I’m tired of lying in bed for so long that my thoughts become sad and numb.
I wish for another to lay in bed with me so that we can talk and laugh and make light of the world and our problems. I miss the way two people in love can find their bodies entangled under the sheets. The safe, wholesome feeling of laying on their chest and drifting into a peaceful sleep. The synchronization of two hearts beating together. I’m tired of analyzing my day alone, I want someone to be in bed with me so that we can break down each part of our Sunday and discuss it. It would be nice to wake up next to someone and have that settling feeling in your stomach that you are going to be the first thing they see today, you are going to be the start of their day.

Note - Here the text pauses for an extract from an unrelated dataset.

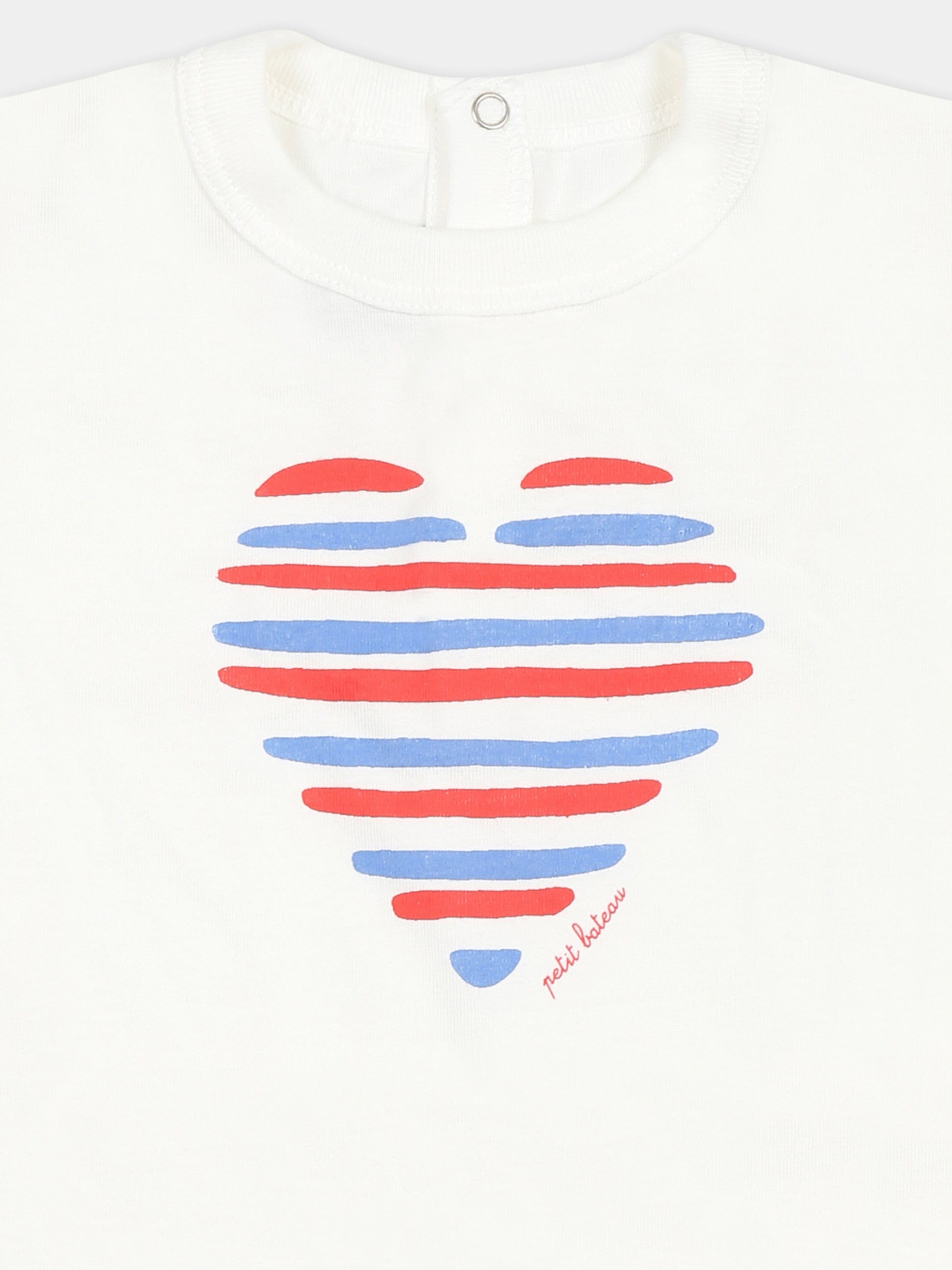 T-shirt bianca per neonati con cuore,Petit Bateau,A0CWB MARSHMALLOW/MULTICO 15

The goodnight kisses on the forehead. The good morning kisses on the forehead.
There’s a feeling of relief when you lie down in bed next to someone, knowing that they trust you enough to lay next to them during their most vulnerable time.
A sense of pride that this person has decided to share their most personal possession with you. A spot where they have relieved each of their days and relationships and been to the deepest alleys of their thoughts. I miss the nice reminder when you open your eyes and wake up that another person is laying next to you, both of you more defenseless than you’ve ever been and ever will be. I’m tired of having a bad dream and having to calm myself down from it. I would much rather be held and comforted than have to turn on a light before I can sleep again.
I’m tired of sleeping alone. I’m tired of being alone. I’m tired.